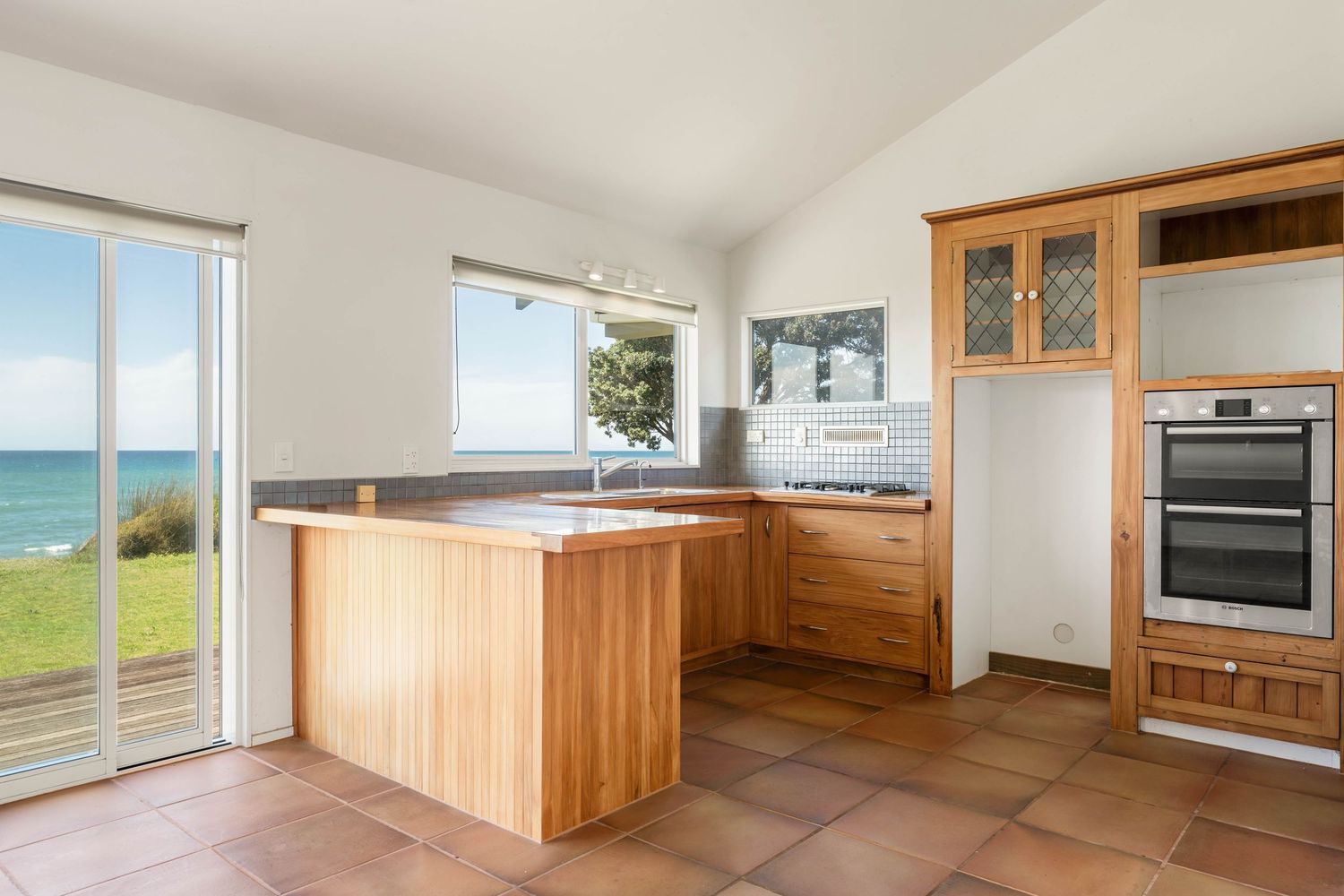 Modern kitchen with wooden cabinets and ocean view through large glass doors featuring terracotta tile flooring.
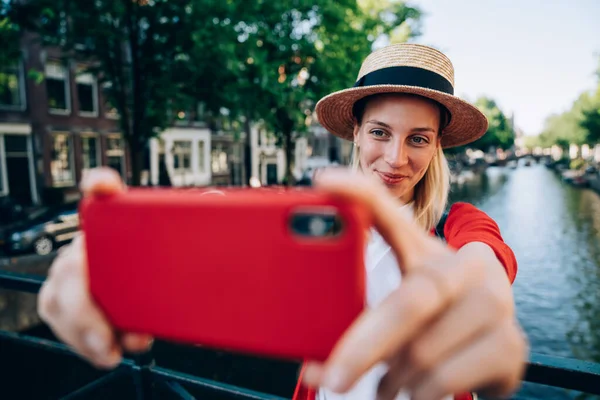 アムステルダムの緑の木々や運河で休暇中に橋の上に立っている間 携帯電話を使用して陽気な女性旅行者 — ストック写真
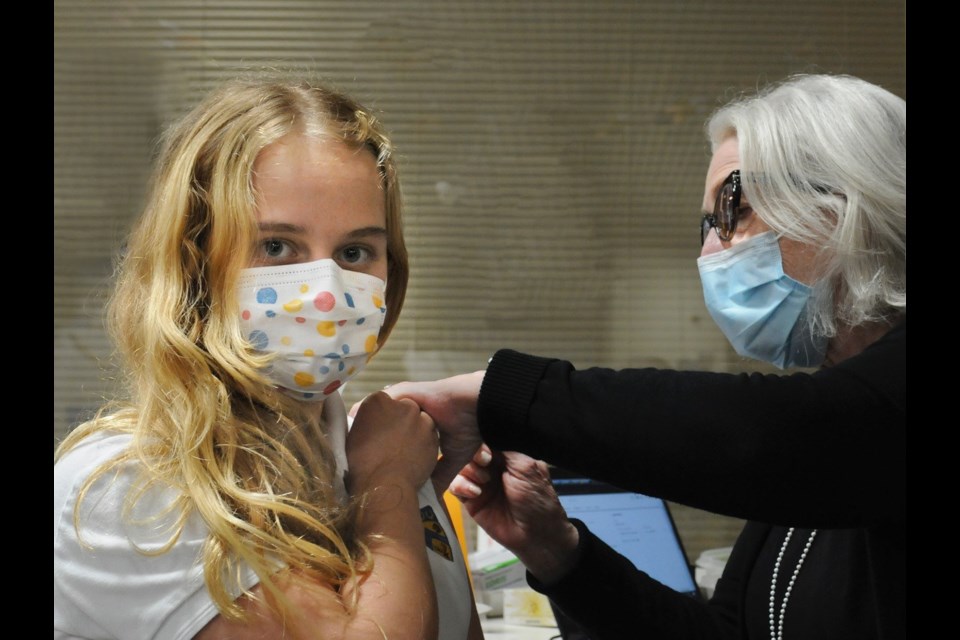 Madeleine Hatswell, 11, receives a COVID vaccine at the North Vancouver clinic Dec. 6 from retired nurse Mary Radmanovic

*Required action:*
Apart from the images, reproduce the listing exactly as it appears.

*Solution:*
 Modern kitchen with wooden cabinets and ocean view through large glass doors featuring terracotta tile flooring.
 アムステルダムの緑の木々や運河で休暇中に橋の上に立っている間 携帯電話を使用して陽気な女性旅行者 — ストック写真
 Madeleine Hatswell, 11, receives a COVID vaccine at the North Vancouver clinic Dec. 6 from retired nurse Mary Radmanovic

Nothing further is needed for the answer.